The South Asian population is genetically predisposed to type 2 diabetes.
Contributing factors include calorie diets, genetics, and lack of exercise.
They also have poor diabetes management, which puts them at a higher risk of serious health complications.
Fortunately, there are diet-related ways to manage it.
Raji Jayadev, an accredited practicing dietitian, has come up with some Indian diet tips to help fight the disease.
Speaking of the high risk of type 2 diabetes in Indians compared to others, Raji said:
âIndians are genetically susceptible to developing type 2 diabetes.
“They develop diabetes five to 10 years earlier than Caucasians.”
Raji gave some healthy Indian dietary advice to reduce the risk of developing the disease.
Stay away from added fats
Raji advises not to add extra fat to traditional recipes.
This includes cream, butter, and all kinds of unhealthy extra fat.

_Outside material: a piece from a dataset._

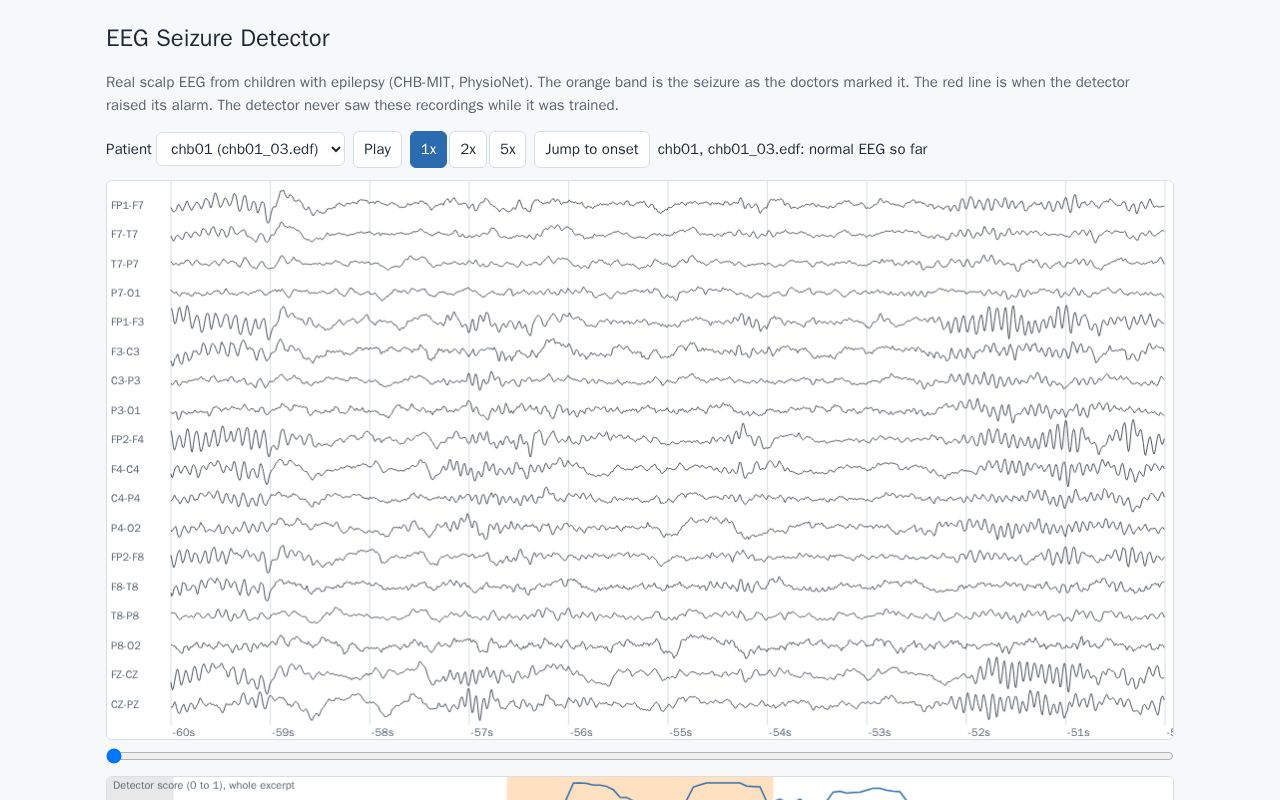 Preview of EEG Seizure Detection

She said:
“Don’t use ghee in cooking, instead use monounsaturated fats like olive oil or peanut oil.”
“Always go for fat-free milk and yogurt and limit your intake of paneer (Indian cheese).”
Manage your staples
Indians are used to rice and chapatis, which poses a great risk of developing type 2 diabetes. However, they cannot be completely avoided.
To solve the problem, Raji Jayadev advises:
âI encourage Indians to use brown rice, which is nutritionally superior to white rice, or basmati rice (has a low glycemic index).
âAdd nuts and vegetables to spicy dishes to increase nutritional quality and control blood sugar after a meal. “
For chapatis, she advises consuming whole wheat alternatives as they are high in fiber. She added:
âFiber keeps you full longer and helps prevent overeating. “
Add more vegetables to the diet
Raji insists on puffing up the curries with as many vegetables as possible.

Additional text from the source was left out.